Abstract: Resilience Reframe: Rethinking Violence Prevention from Studying Well-Being (Society for Prevention Research 24th Annual Meeting)

580 Resilience Reframe: Rethinking Violence Prevention from Studying Well-Being

Schedule:
Friday, June 3, 2016
Pacific B/C (Hyatt Regency San Francisco)
* noted as presenting author
Victoria L Banyard, PhD, Professor, University of New Hampshire, Durham, Durham, NH
Sherry Hamby, PhD, Research Professor, Sewanee: The University of the South, Sewanee, TN
John Grych, PhD, Professor, Marquette University, Milwaukee, WI
This year's conference theme focuses on using prevention science to promote health equity and well-being. One important factor in health inequality is violence exposure as victimization is linked to a myriad of negative mental and physical health problems and disproportionately affects some communities and groups of individuals. The growing fields of resilience science and positive psychology highlight key areas of strengths and protective factors that may reduce the impact of violence and improve its prevention.
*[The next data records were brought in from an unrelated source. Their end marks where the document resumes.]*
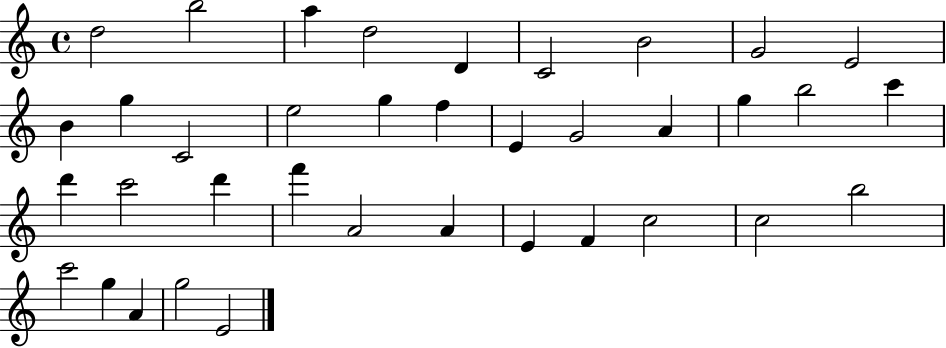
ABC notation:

X:1
T:Untitled
M:4/4
L:1/4
K:C
d2 b2 a d2 D C2 B2 G2 E2 B g C2 e2 g f E G2 A g b2 c' d' c'2 d' f' A2 A E F c2 c2 b2 c'2 g A g2 E2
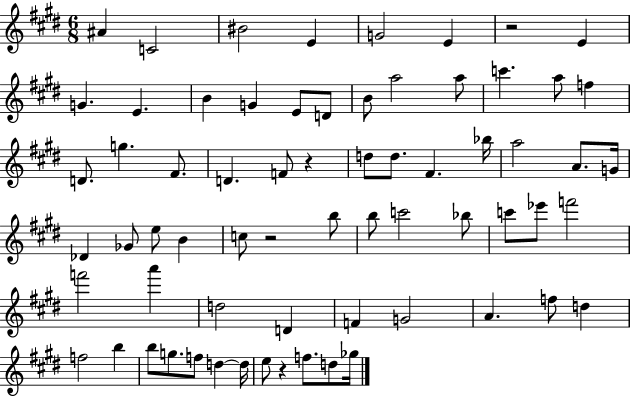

This 20x20 will explore how findings from the study of resilience suggest additional prevention strategies. For example, I will review key frameworks that are used to conceptualize sexual and intimate partner violence prevention and show how they are overly focused on reducing risk rather than promoting well-being. Using findings from a large community study of well-being in the rural south (communities that exemplify the health disparities highlighted in the conference theme), I will discuss strengths that participants reported and that might be targets for prevention work across the lifespan. I will present examples of their application in one specific aspect of prevention – bystander action to prevent interpersonal violence. Using this example I will explore questions about how lenses we pull from the study of resilience help us think about violence prevention differently.